Read more at http://www.ukclimbing.com/articles/page.php?id=3151
Also some of the subtitles require editing...
'Rotation & Cropping of the imageIf' -> 'Rotation & Cropping of the image If'
'Exposure control of Dynamic Range using Levels & Curves' -> 'Exposure control using Levels & Curves'
'Resolutionfor Screen' -> 'Resolution for Screen'
'Re-sizing the Image smaller' -> 'Reducing the image'
'Re-sizing the Image bigger' -> 'Enlarging the image'
'standardPhotoshop' -> 'standard Photoshop'
JPEG inconsistently written as JPEG jpeg and J-PEG.
Does any of this 'actually' matter. Its free copy, not a paid for book!
And well done to Sean for taking all the time to work on this.
Thanks Sean, I've been looking for an article like this for ages now, covers the basics without being oversimplified
Good effort by SK - thanks for taking the time to write this up. I'll definitely be using some of this for reference.
> Also some of the subtitles require editing...
> 'Rotation & Cropping of the imageIf' -> 'Rotation & Cropping of the image If'
> 'Exposure control of Dynamic Range using Levels & Curves' -> 'Exposure control using Levels & Curves'
> 'Resolutionfor Screen' -> 'Resolution for Screen'
> 'Re-sizing the Image smaller' -> 'Reducing the image'
> 'Re-sizing the Image bigger' -> 'Enlarging the image'
> 'standardPhotoshop' -> 'standard Photoshop'
> JPEG inconsistently written as JPEG jpeg and J-PEG.

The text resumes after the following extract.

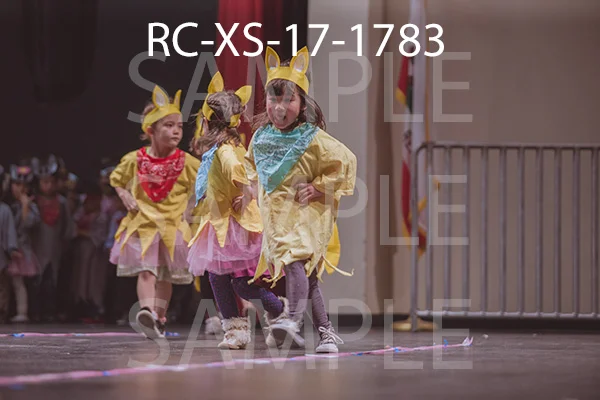 RC-XS-17-1783.jpg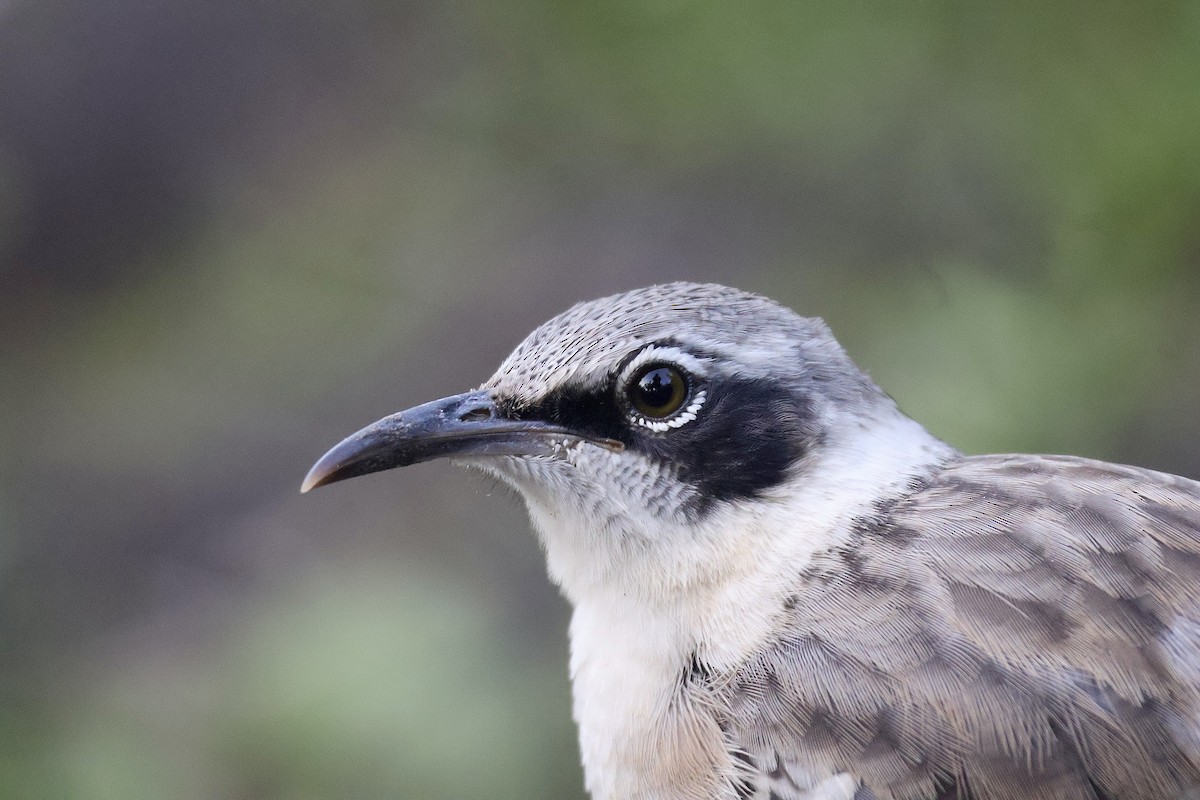 Galapagos Mockingbird - ML638329488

I have read your critique and take on board what you have said. I have been preparing this article for over a year and have gone bog-eyed re-reading (and editing)it that many times. So unless you have some filter to check how J-peg is written, it is incredibly time consuming to pick out all those discrepancies. Even the method of carrying out a particular function changes with each new edition of PS. So I thought it was worth mentioning 'Content Aware' as it was markedly quite different to previous ways of retouching photos The reason for the poor quality of some of the images is due to compression required by my internet service provider, who won't allow me to post anything over 15MB. This article was originally over 50MB! I am in the process of sorting this problem, so please bear with me. If anybody notices any other discrepancies, spelling mistakes etc. then please let us know and that can be rectified also.
The most important thought that preoccupied me when writing the article was to make it readable , yet also anybody with access to PS could just dip into the particular area that was relevant to them. Finally thanks for all the positive comments recieved. If anybody just uses one feature in the article to improve their photography, then it has all been worthwhile.
Now I'm off to Wales and the Lakes for 3 weeks holiday and hopefully take a few snaps!
In Lightroom at least the idea of the Recovery slider is to recover overexposed areas of the photograph. The more it is slid to the right the more overexposed areas will recover detail.
I would have though UKC had an ftp site that you could drop the original file in to? That or one of the 'mail big file' sites might have done a job for you.
Good article though, I'll be referring back to that a fair bit I think!
Two things jarred for me, though. In the first paragraph, "simpler one-click-fix software should suffice (for e.g. Gimp..." - the GIMP is many things, but simpler?
Also, call me a pedant (and a pedantic physicist at that) but kelvin are just kelvin, not degrees kelvin. Centigrade are degrees because there are a defined number of degrees (100 of them, to be precise) between the freezing and boiling points of water. Kelvin are on an absolute scale.
Off to have a look at the first article, which I somehow missed!